- [REQUIRED WORK]
Write out each record below exactly, without pictures.

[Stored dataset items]
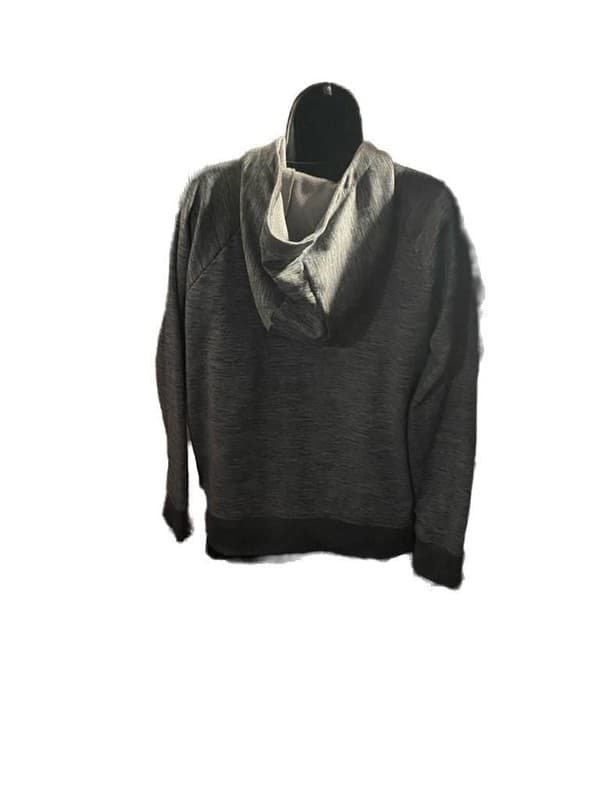 Under Armour Women's ColdGear Hooded Sweatshirt XL Gray/Coral - Thumbnail 2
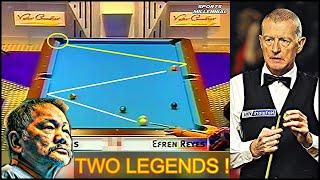 When Efren "BATA" Reyes meet the SNOOKER Legend Steve Davis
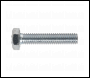 Sealey SS630 HT Setscrew M6 x 30mm 8.8 Zinc Pack of 50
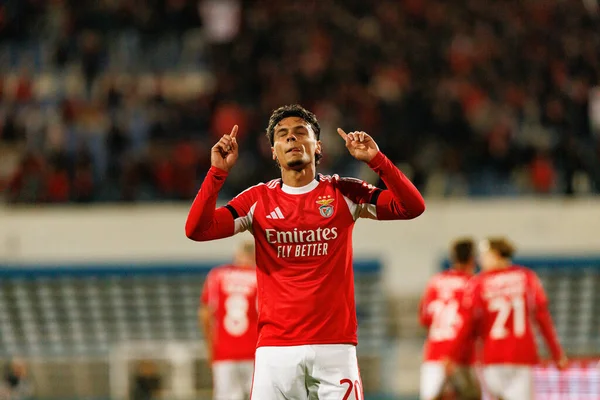 Richard Rios, Atletico CP ve SL Benfica (Maciej Rogowski / Ball Raw Images) takımları arasındaki Taca De Portugal maçında gol attıktan sonra kutlama yaparken görüldü.)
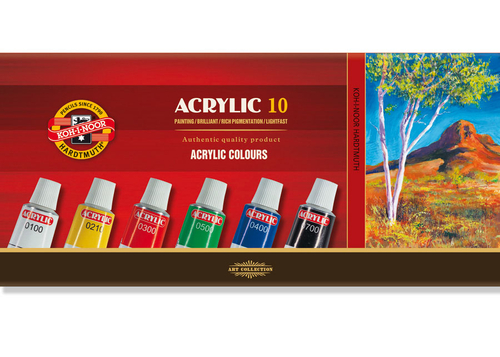 Koh-I-Noor Farby akrylowe Acrylic 16ml 10kol -90590
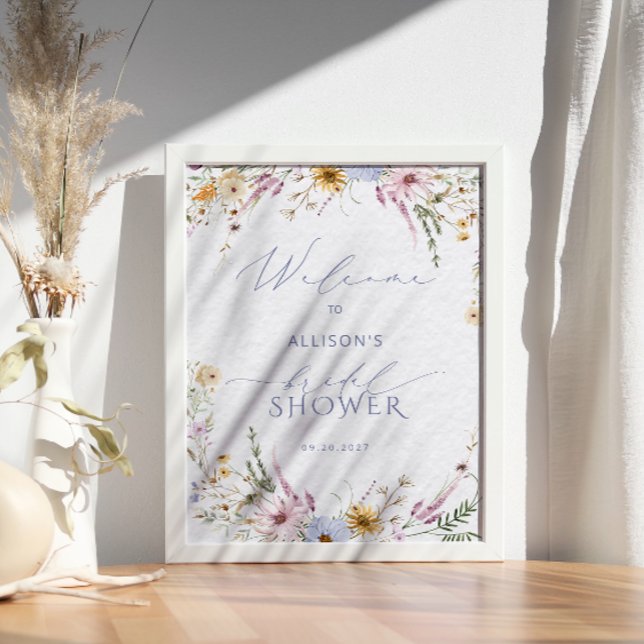 Póster Bienvenida a la ducha de flores silvestres de Moda (Subido por el creador)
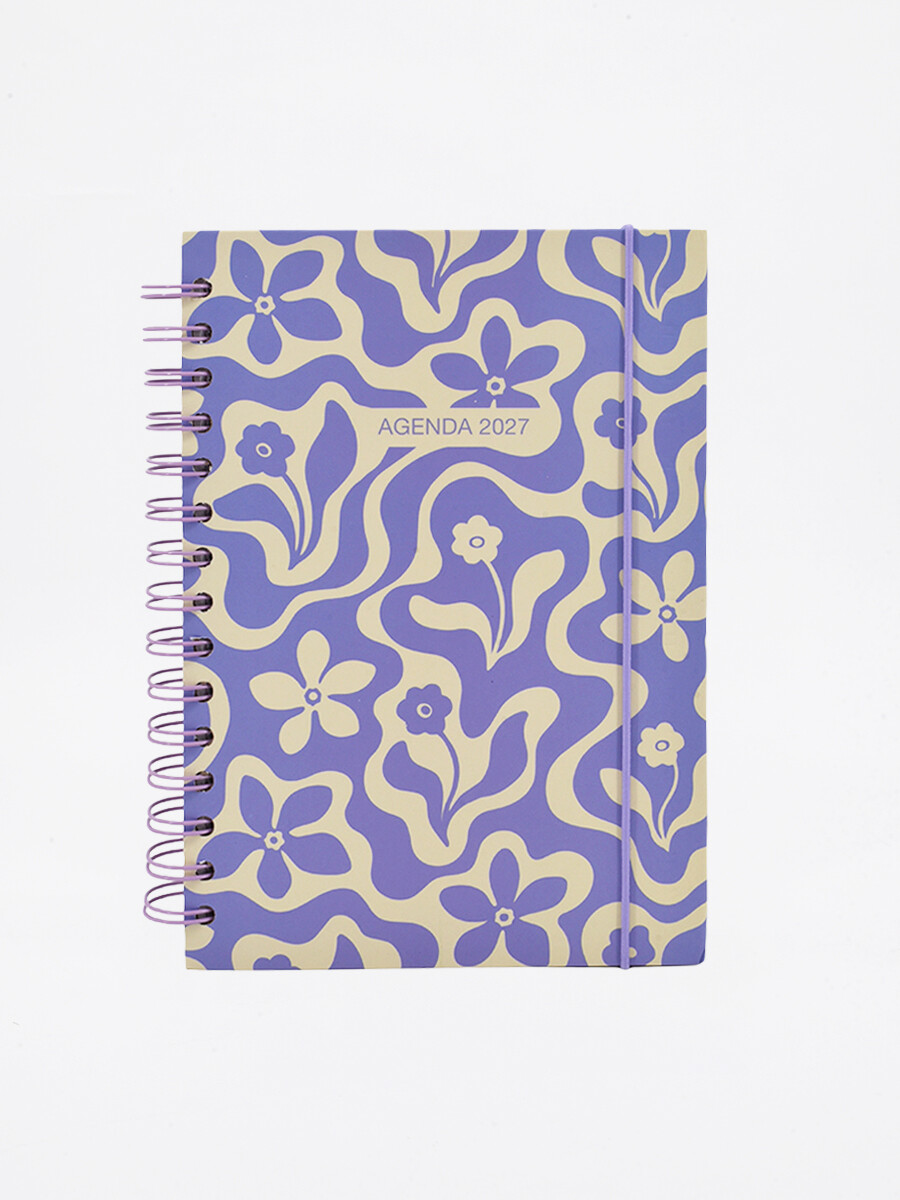 AGENDA FLOWER 2027 - LILA 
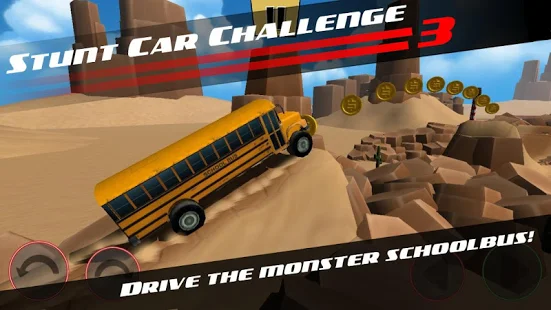 Взломанная Stunt Car Challenge 3 на Андроид - Мод бесплатные покупки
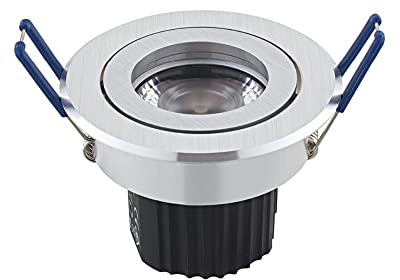 LED Downlight Modul ARGENT, 9W, 550lm, 2000-2800K, 36°, dimmbar, Alu gebürstet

- [SOLUTION TO THE PROBLEM]
 Under Armour Women's ColdGear Hooded Sweatshirt XL Gray/Coral - Thumbnail 2
 When Efren "BATA" Reyes meet the SNOOKER Legend Steve Davis
 Sealey SS630 HT Setscrew M6 x 30mm 8.8 Zinc Pack of 50
 Richard Rios, Atletico CP ve SL Benfica (Maciej Rogowski / Ball Raw Images) takımları arasındaki Taca De Portugal maçında gol attıktan sonra kutlama yaparken görüldü.)
 Koh-I-Noor Farby akrylowe Acrylic 16ml 10kol -90590
 Póster Bienvenida a la ducha de flores silvestres de Moda (Subido por el creador)
 AGENDA FLOWER 2027 - LILA 
 Взломанная Stunt Car Challenge 3 на Андроид - Мод бесплатные покупки
 LED Downlight Modul ARGENT, 9W, 550lm, 2000-2800K, 36°, dimmbar, Alu gebürstet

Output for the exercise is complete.